Once every line in the data below has been checked for "Housse", give the number of lines that hold it, and only that.

*Short descriptive text snippets:*

•••

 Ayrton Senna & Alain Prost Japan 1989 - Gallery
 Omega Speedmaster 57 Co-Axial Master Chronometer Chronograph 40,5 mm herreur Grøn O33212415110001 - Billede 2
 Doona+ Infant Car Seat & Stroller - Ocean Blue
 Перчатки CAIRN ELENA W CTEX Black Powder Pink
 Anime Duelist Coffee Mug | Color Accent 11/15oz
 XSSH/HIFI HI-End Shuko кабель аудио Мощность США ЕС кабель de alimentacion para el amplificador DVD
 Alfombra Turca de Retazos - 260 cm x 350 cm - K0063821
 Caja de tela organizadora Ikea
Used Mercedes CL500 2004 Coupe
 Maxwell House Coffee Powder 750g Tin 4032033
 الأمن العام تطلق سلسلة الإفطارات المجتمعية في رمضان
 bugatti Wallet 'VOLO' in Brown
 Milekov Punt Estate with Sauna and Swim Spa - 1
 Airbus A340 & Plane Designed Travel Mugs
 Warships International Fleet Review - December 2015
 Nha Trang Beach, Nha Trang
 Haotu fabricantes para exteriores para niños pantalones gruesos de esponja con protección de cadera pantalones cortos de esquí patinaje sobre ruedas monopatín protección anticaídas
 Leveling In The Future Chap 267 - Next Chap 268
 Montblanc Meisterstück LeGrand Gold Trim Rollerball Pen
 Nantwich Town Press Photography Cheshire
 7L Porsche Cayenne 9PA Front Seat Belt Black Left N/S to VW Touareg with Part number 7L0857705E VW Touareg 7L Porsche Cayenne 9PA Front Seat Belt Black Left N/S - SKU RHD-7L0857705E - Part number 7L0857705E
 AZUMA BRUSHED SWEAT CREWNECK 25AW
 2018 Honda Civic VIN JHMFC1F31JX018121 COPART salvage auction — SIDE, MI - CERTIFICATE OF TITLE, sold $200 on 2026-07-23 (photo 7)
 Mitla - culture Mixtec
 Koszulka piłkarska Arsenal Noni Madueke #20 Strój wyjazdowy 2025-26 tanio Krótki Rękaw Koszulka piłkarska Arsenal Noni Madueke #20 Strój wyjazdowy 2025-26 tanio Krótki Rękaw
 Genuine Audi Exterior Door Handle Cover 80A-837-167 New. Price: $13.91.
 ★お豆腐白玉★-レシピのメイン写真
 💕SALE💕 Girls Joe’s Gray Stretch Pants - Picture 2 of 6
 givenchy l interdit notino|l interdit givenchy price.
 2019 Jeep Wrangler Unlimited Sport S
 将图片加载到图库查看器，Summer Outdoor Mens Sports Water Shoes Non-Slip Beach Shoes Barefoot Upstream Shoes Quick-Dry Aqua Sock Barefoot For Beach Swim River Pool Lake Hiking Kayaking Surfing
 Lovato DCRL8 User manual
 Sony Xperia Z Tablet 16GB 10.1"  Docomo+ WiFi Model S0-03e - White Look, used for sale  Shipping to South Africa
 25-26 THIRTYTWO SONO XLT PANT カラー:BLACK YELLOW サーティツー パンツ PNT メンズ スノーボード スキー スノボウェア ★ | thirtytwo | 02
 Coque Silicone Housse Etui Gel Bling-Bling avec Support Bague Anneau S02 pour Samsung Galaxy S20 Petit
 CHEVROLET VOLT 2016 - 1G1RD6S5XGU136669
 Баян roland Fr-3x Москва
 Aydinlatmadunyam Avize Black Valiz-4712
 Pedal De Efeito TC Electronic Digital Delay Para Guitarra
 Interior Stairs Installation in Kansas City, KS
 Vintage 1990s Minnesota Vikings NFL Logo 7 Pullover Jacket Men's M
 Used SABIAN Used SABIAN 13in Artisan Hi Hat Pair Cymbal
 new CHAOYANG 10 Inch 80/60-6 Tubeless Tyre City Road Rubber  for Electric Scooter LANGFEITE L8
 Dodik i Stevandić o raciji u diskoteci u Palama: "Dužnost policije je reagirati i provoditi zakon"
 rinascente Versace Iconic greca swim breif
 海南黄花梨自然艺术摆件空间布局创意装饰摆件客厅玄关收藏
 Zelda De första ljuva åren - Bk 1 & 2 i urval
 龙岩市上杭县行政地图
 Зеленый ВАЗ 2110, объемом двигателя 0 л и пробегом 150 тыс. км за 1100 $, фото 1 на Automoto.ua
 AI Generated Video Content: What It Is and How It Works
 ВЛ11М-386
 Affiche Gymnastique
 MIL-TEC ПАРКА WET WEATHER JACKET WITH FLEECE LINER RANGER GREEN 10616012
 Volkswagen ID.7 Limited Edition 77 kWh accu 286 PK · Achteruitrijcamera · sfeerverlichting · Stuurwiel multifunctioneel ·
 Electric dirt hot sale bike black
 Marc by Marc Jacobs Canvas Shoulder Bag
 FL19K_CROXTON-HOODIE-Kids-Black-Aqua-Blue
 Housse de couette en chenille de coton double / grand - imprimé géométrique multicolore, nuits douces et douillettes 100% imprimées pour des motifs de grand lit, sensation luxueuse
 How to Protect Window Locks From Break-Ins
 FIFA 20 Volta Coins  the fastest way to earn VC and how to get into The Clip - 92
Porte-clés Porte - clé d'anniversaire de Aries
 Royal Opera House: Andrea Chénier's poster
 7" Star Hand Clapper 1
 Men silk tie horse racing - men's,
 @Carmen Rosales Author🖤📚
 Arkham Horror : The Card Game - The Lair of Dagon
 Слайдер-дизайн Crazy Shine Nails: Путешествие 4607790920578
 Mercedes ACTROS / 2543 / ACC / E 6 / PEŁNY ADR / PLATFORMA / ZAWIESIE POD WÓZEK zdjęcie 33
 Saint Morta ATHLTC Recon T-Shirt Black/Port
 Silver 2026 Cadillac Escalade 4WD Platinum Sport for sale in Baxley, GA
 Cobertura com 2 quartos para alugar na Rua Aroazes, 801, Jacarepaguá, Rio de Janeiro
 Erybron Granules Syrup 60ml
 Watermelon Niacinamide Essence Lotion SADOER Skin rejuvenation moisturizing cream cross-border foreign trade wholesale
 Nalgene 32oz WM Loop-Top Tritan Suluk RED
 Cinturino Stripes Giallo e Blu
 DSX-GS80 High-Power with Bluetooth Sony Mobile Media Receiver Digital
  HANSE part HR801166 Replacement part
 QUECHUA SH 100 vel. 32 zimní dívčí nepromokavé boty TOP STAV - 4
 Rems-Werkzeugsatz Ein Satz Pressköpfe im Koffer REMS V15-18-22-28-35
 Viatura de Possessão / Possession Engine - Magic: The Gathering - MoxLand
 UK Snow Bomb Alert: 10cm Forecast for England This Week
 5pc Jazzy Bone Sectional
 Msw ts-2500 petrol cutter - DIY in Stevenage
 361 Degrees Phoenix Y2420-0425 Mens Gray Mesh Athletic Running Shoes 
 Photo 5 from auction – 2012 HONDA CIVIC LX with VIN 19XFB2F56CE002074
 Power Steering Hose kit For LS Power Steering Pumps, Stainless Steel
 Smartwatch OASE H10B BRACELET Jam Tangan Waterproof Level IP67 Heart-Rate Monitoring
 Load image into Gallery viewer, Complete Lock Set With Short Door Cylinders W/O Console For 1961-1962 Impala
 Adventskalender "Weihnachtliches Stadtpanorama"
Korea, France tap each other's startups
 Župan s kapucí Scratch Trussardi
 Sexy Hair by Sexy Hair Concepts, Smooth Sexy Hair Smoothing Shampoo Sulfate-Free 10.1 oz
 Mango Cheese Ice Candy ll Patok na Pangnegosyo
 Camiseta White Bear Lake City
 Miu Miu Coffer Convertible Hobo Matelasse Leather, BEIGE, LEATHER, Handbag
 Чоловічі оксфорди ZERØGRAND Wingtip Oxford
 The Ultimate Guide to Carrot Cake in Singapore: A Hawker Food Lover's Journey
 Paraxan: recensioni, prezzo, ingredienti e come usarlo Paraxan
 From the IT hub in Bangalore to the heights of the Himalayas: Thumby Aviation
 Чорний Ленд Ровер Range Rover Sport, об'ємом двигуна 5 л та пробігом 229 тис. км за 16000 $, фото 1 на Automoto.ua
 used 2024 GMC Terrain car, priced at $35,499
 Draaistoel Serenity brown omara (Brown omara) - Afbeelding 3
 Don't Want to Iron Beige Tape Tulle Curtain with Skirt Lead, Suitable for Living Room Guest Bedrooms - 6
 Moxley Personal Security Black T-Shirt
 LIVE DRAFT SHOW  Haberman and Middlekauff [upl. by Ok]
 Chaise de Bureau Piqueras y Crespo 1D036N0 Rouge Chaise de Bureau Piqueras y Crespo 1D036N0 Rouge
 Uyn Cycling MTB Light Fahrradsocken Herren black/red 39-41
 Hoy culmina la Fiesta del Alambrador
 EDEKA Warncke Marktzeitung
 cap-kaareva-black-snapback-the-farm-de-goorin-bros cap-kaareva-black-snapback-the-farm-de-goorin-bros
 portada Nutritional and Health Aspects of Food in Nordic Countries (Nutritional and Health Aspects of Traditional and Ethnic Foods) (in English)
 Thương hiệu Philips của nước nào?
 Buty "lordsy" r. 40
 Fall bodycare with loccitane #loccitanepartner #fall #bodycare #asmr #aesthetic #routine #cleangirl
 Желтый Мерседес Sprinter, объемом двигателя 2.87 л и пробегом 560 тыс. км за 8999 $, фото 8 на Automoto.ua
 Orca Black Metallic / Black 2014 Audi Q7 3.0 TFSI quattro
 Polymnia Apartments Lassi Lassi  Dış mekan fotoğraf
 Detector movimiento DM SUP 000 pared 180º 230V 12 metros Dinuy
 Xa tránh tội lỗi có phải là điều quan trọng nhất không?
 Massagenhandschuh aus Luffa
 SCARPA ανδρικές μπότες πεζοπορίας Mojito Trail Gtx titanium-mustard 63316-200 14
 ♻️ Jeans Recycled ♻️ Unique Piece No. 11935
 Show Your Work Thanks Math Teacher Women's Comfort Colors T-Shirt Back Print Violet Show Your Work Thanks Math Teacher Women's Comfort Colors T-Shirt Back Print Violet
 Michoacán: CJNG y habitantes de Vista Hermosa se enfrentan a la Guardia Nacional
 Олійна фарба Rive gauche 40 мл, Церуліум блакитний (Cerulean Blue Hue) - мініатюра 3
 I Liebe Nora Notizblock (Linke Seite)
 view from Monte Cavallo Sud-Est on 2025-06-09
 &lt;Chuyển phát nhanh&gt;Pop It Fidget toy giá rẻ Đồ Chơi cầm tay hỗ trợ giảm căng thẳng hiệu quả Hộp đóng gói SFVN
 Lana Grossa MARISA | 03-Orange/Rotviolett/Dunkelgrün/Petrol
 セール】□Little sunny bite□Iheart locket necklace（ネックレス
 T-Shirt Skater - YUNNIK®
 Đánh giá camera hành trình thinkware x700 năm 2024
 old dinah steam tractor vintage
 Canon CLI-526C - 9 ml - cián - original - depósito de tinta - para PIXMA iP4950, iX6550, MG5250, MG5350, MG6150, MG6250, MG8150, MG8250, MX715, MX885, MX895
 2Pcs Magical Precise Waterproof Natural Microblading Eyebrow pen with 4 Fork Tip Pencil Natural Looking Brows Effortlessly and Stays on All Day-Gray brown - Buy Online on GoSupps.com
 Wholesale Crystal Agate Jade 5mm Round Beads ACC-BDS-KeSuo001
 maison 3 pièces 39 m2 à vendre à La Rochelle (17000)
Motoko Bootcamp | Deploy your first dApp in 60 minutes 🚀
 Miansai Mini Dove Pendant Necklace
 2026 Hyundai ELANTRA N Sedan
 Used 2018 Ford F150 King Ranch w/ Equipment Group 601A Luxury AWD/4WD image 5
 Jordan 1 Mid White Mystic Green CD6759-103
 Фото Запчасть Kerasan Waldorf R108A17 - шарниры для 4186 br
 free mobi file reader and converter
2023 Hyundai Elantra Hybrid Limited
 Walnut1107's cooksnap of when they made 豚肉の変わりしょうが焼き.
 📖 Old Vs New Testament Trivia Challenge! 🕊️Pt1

•••

*EXERCISE RESPONSE:*
2